Why Libertarians, Conservatives, and Anarchists Should Get Along

Part 3: How dozens of ideologies boil down to two

Published in The Freedom Scale – 13 mins – Sep 1

How many political ideologies have there been over the last 150 years?

In all likelihood, a series of familiar words has begun flashing through your head. Communism. Fascism. Socialism. Conservatism. Libertarianism.

Perhaps you drilled down a little further: Democratic socialism. Progressivism (America) and social democracy (Europe). Paleo-conservative, social conservative, fiscal conservative.

Maybe you can describe some of the differences between Italian fascism and German Nazism, or between Marxism-Leninism and Maoism.
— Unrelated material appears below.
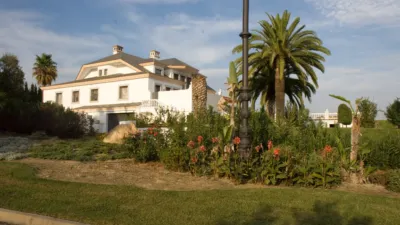 Chalet unifamiliar en venta en Camino Finca Las Cojas, Aljaraque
Maybe you can list every single flavor of the libertarian rainbow, from most to least austere: Anarchist, minarchist, Objectivist, Public Choice School, Austrian (Misesian), Austrian (Hayekian), Chicago School…

And so on.

Every one of these ideological categories can be further subdivided, and there are plenty of others I didn’t mention. But what if I told you that at one level of analysis, there aren’t dozens of ideologies, but only two?

A bigger tent

In Part 1, we discussed the tendency of political movements to fracture—often over comparatively minor differences. Discussion becomes debate. Debate becomes division. Division becomes dissolution. Political movements possess a seemingly bottomless capacity to fork into ever-smaller splinter groups.

In Part 2, we explored some of the internal divisions within the freedom movement, and why libertarians are especially prone to fractiousness.
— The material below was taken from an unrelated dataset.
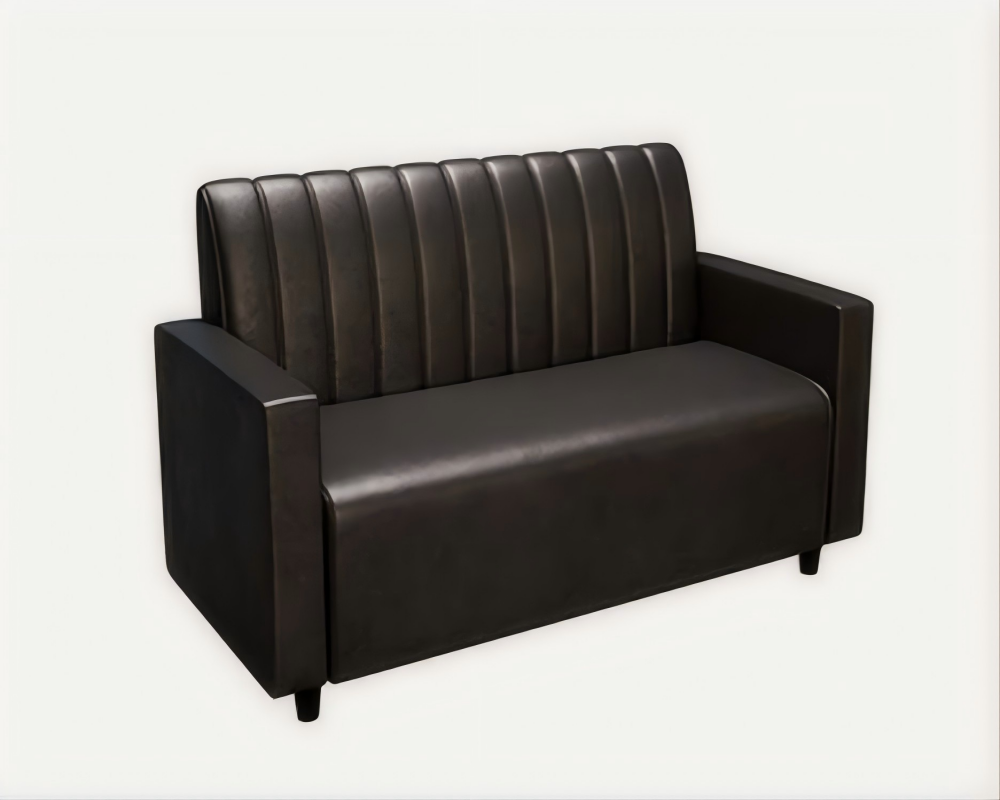 Café, Bar & Bistro Furniture: Table & Chair Sets Retro Casual Dining Booths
Before we can discuss some specific solutions, however, we have one more task. I would like to convince you that the freedom movement is bigger than you think…and that it ought to be considered so.

This is where the concept of two political ideologies comes in.

Disclaimer:

The exploration upon which we are about to embark will include a large amount of generalizations. These will be accurate, but they will, of necessity, ignore a variety of nuances. I acknowledge that the nuances exist and that they are important, but for the purposes of this discussion, we must focus on the generalizations.

Furthermore, in our core questions section below, it will appear as if I am delivering a blanket condemnation of the political left. I do believe that the ideology of the left gets the answers to all of these questions wrong, and much to the dismay of humankind for the last 200 years. However, I also acknowledge both the many exceptions that underly these generalizations, and the heartfelt good intentions of many of those who have inclined leftward over the years.

A freedom scale

In many ways, politics can be boiled down to a single question: how much?

How much freedom? How much government?

In his natural state, the individual is free. Governments restrict a measure of that freedom, and the bigger a government gets, the more it restricts. The relationship between government and individual freedom is, roughly speaking, inversely proportional.

Thus, we can imagine a single-axis political spectrum that measures amount of individual freedom, with the minimum to the left and maximum to the right, moving in inverse proportion to amount of government along the same axis. A “freedom scale,” if you will.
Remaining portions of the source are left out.